Polybe, Histoire générale, III, 40 :"Apprenant qu'Hannibal avait passé l'Èbre avec ses troupes plus tôt qu'ils ne s'y attendaient, ils prirent la résolution d'expédier une armée en Espagne sous les ordres de P. Cornélius Scipion et une autre en Afrique avec Ti. Sempronius. Pendant que les consuls procédaient à l'enrôlement des soldats et aux autres préparatifs, on se hâta d'achever l'organisation des colonies qu'on avait décidé auparavant d'envoyer dans la Gaule Cisalpine. On activa, dans les villes, la construction des remparts et on donna l'ordre à ceux qui devaient y habiter de s'y rendre dans les trente jours. On créa ainsi deux villes de six mille colons chacune : la première, en deçà du Pô, fut nommée Plaisance ; la seconde, sur l'autre rive du fleuve, fut appelée Crémone."
Tacite, Histoires, III, 34 :"Ainsi finirent les destins de Crémone, après une durée de deux cent quatre-vingt-six ans. Elle avait été fondée sous les consuls Tib. Sempronius et P. Scipion, au moment où l'invasion d'Annibal menaçait l'Italie. C'était un boulevard qu'on opposait aux Gaulois transpadans et aux irruptions qui pourraient se faire à travers les Alpes. Grâce au nombre d'habitants qu'on y établit, aux rivières ouvertes à son commerce, à la fertilité de ses champs, aux familles venues du dehors et aux mariages entre les colons et leurs voisins, la ville s'accrut et prospéra, épargnée par les armes étrangères, malheureuse dans les guerres civiles."
Tite Live, Histoire romaine (Periochae), XX :"Le censeur Caius Flaminius établit la voie Flaminia et construit le cirque Flaminius. - On conduit des colonies, dans le territoire pris aux Gaulois, à Plaisance et à Crémone."
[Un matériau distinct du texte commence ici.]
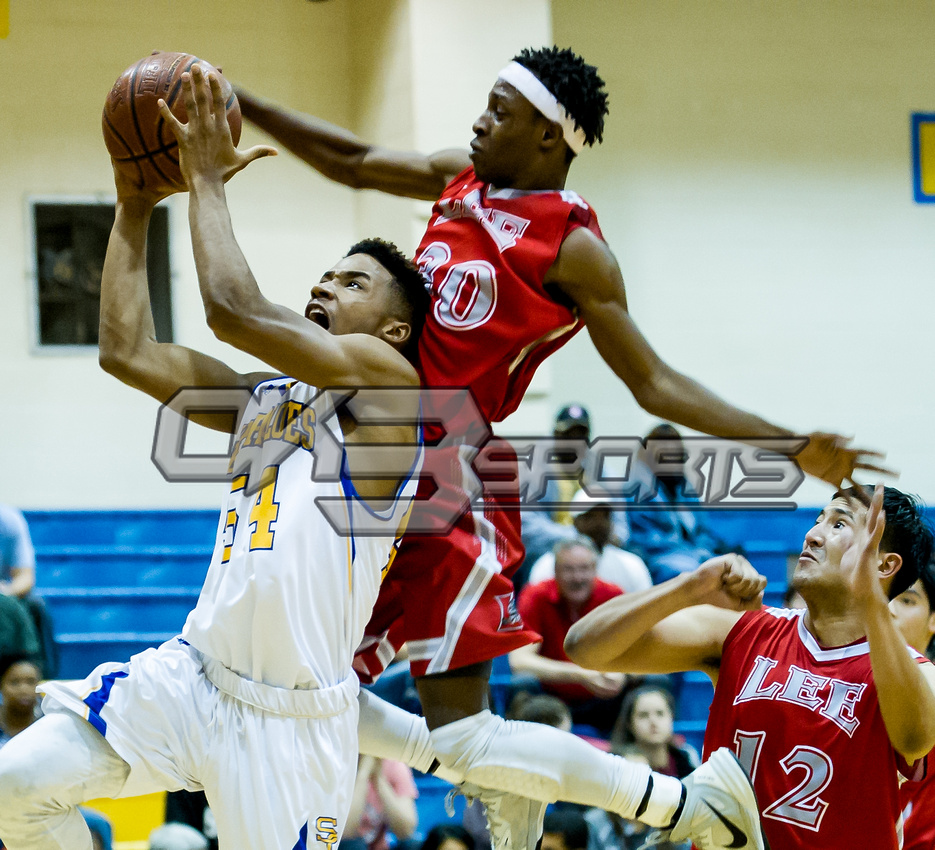 Olen C. Kelley III's coverage of the Samuel Clemens vs Lee boys basketball game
Tite-Live, Histoire romaine, XXI, 25 :"Ces magistrats étaient Caius Lutatius, Caius Servilius et Marcus Annius. Point de doute pour le nom de Lutatius ; mais, au lieu de Servilius et d' Annius, quelques chroniques portent Manius Acilius et Caius Hérennius ; d'autres, Publius Cornélius Asina et Caius Papirius Maso."
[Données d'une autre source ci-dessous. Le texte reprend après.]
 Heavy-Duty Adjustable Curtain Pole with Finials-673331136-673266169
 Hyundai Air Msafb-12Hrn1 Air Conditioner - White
Velleius Paterculus, Histoireromaine, I, 14 :"Vingt-deux ans plus tard on fonda Aefulum et Alsium et deux ans après Frégelles. L'année suivante, sous le consulat de Torquatus et de Sempronius, on établit une colonie à Brundisium et trois ans après à Spolète, l'année où furent institués les jeux floraux. Deux ans après, on conduisit une colonie à Valence et à l'arrivée d'Annibal en Italie, à Crémone et à Plaisance."